Lessons in purity and why it's worth waiting until marriage
The Candyshop conference, which is designed to "empower this generation to live pure under increasing cultural pressures", held its second meeting of the year on Saturday at the London School of Theology.
An eclectic mix of seminars and interactive sessions took place educating young people on what the Bible teaches about sex and relationships and the importance of saving oneself for marriage.
Sarah Richards, co-pastor of COM church in Dunstable, opened the conference with the subject of social media and 'sexting', the act of sending text messages or images of a sexual nature.
"Once you've posted something online, you lose control of it completely. You no longer have control over who sees it or where it goes. Even it is deleted, it can be traced," she said.
Richards touched on how exposure of explicit images could ruin job prospects and social life.
"People often think that they are not going to get caught and the act is just between them and another person. But Jesus warns us that nothing we do can be hidden."
She continued: "Jesus does not speak about 'sexting'. He does not speak about social media, however, he was ahead of his time and we can see this in Luke 12: 2-3."
Youth Pastor Stephen McEwen delivered a message on the sanctity of sex and how the present generation are being fed fabrications about the purpose of it.
He said: "Sex has lost its context which is marriage. When sex moves beyond the marriage bed it is dangerous. Sex is not just a physical act, it is a spiritual act."
He continued: "This generation is suffering from an over exposure of knowledge. We have an explosion of knowledge about sex now on the internet, you have access by the click of a mouse."
He recalled an MP stating on News Night one evening that sex education in schools only deals with the 'mechanics' and not real life.
Pornography is more accessible now than it has ever been. According to covenanteyes.com , one in five mobile searches are for pornography and 24 per cent of smartphone owners admit to having pornographic material on their phones.

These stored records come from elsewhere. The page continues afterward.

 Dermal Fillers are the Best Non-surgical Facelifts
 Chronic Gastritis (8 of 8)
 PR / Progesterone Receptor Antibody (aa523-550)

MOBO award winning artist Jahaziel, a former drug and porn addict, illustrated how pornography affects individuals spiritually.

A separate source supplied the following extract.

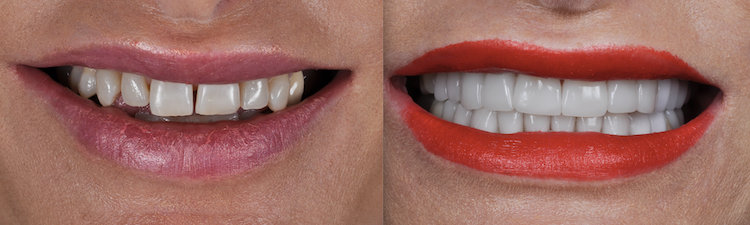 Hollywood Smile — Dentapoint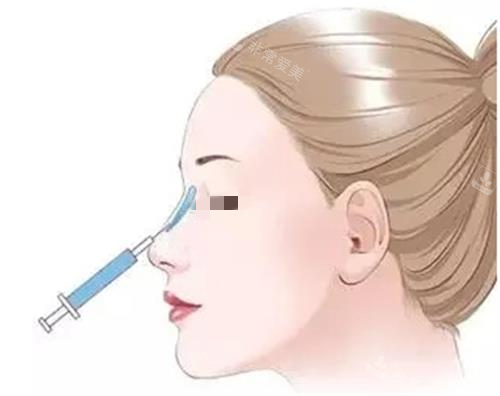 玻尿酸隆鼻示意图 玻尿酸隆鼻示意图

"It is a scientific and biological fact that the same chemical reaction goes on in the brain with porn addiction as with drug addiction," he said.
He continued: "What effect does porn have on your spiritual life? I would say two things, death and decay. Death to our character, healthy relationships with the opposite sex, and our confidence in God. It also brings death to ministries, marriages, our sensitivity towards God and our joy and peace in God.
"You will never experience the life and peace that God intends so long as pornography is a part of your life."
Closing the conference was Rachel Gardner, the Director of the Romance Academy, a project that develops young people's self esteem by encouraging sexual delay. She also touched on sex being a sacred gift from God and how it is worth abstaining until marriage.
"I believe that we save sex for marriage because sex is about two becoming one flesh. It really is worth protecting," she said.
She shared her opinion of Christian dating saying she thinks it is "absolutely fine for Christians to date".
"I think that is a great way to practise being godly boyfriends and girlfriends, then husbands and wives and saying 'God, work on my character'. Don't just bring me the perfect person, help me to be the right person for them."
The final conference will take place in Wolverhampton on 5 April.